--- Data shown ---

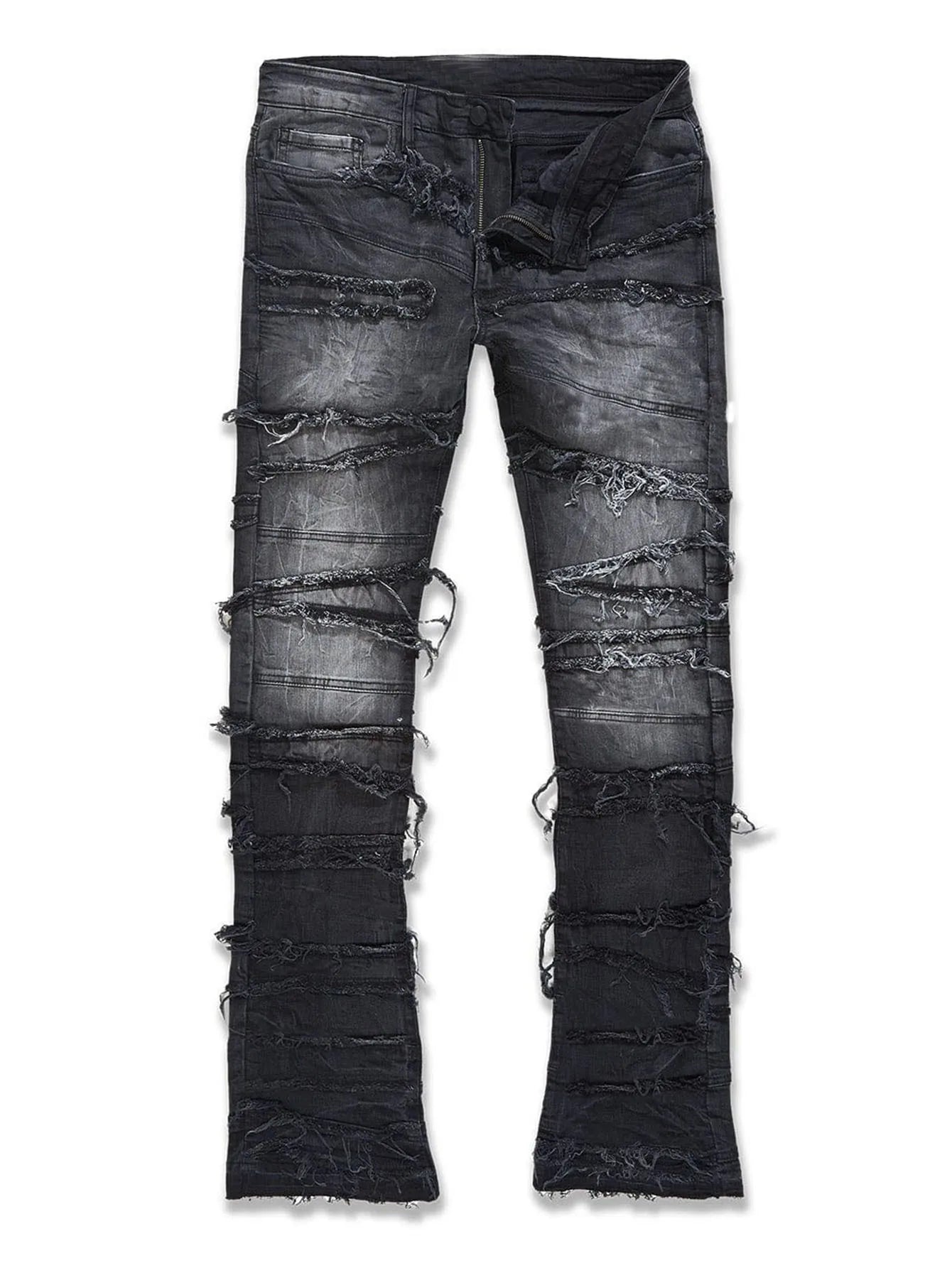 Straight Pant Men Jeans Denim Pants Slim Fit Irregular Folds Tassel Splice Simple Button Pocket High Street Trousers Spring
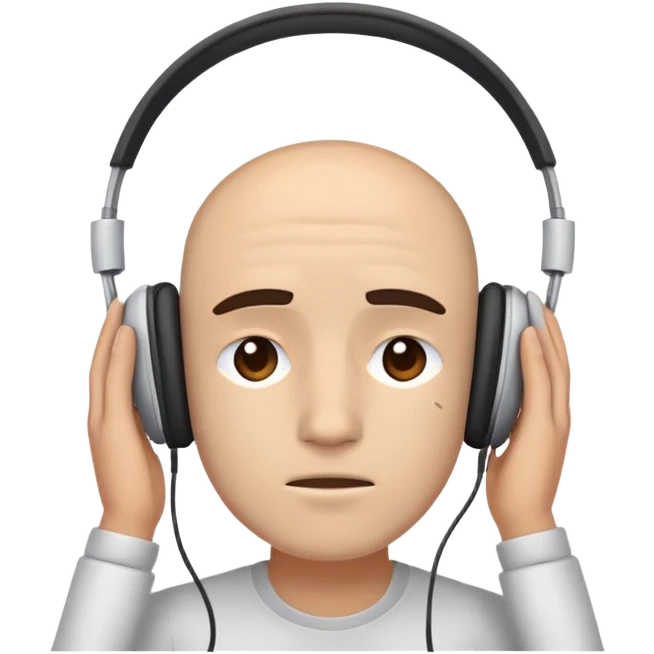 Tired and wearing a headphone emoji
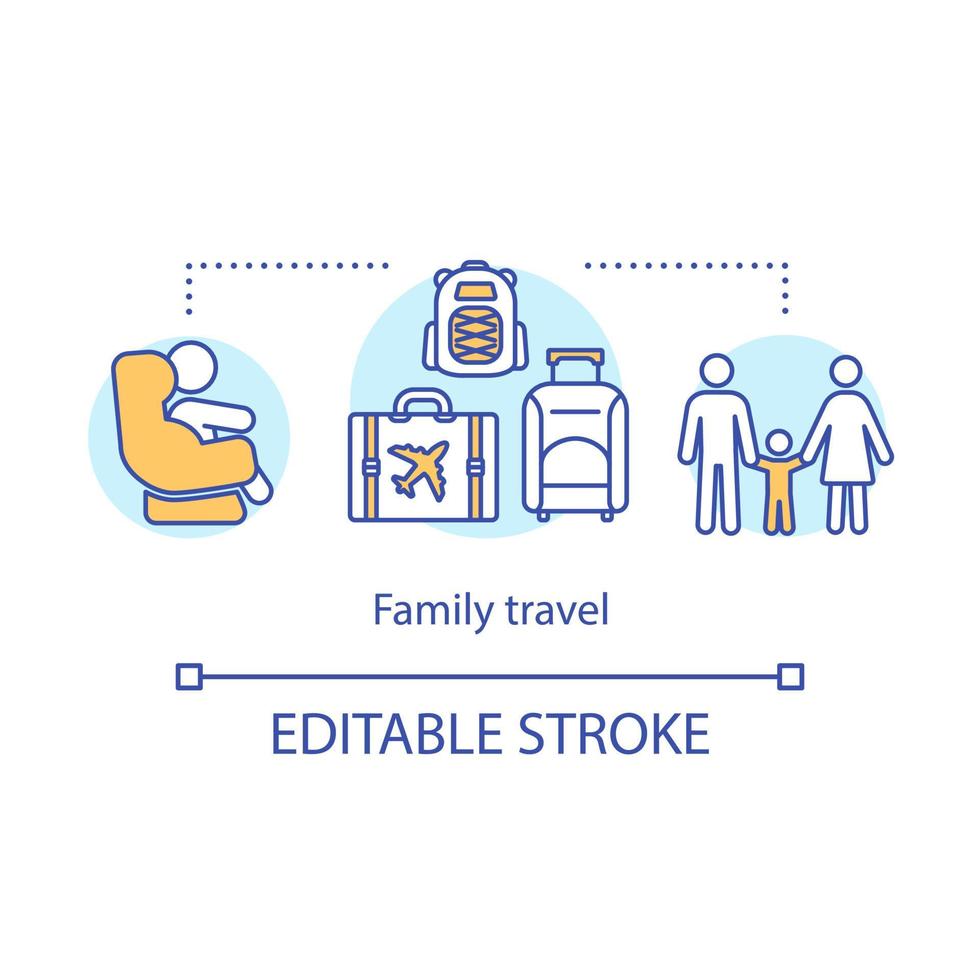 familj resor koncept ikon. reser idé tunn linje illustration. stadsturer. barnvänliga aktiviteter. familjeresa. vektor isolerade konturritning. redigerbar linje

---

*Task description*
An exact copy of the listing is required; return it without any pictures.

*Result of this exercise*
 Straight Pant Men Jeans Denim Pants Slim Fit Irregular Folds Tassel Splice Simple Button Pocket High Street Trousers Spring
 Tired and wearing a headphone emoji
 familj resor koncept ikon. reser idé tunn linje illustration. stadsturer. barnvänliga aktiviteter. familjeresa. vektor isolerade konturritning. redigerbar linje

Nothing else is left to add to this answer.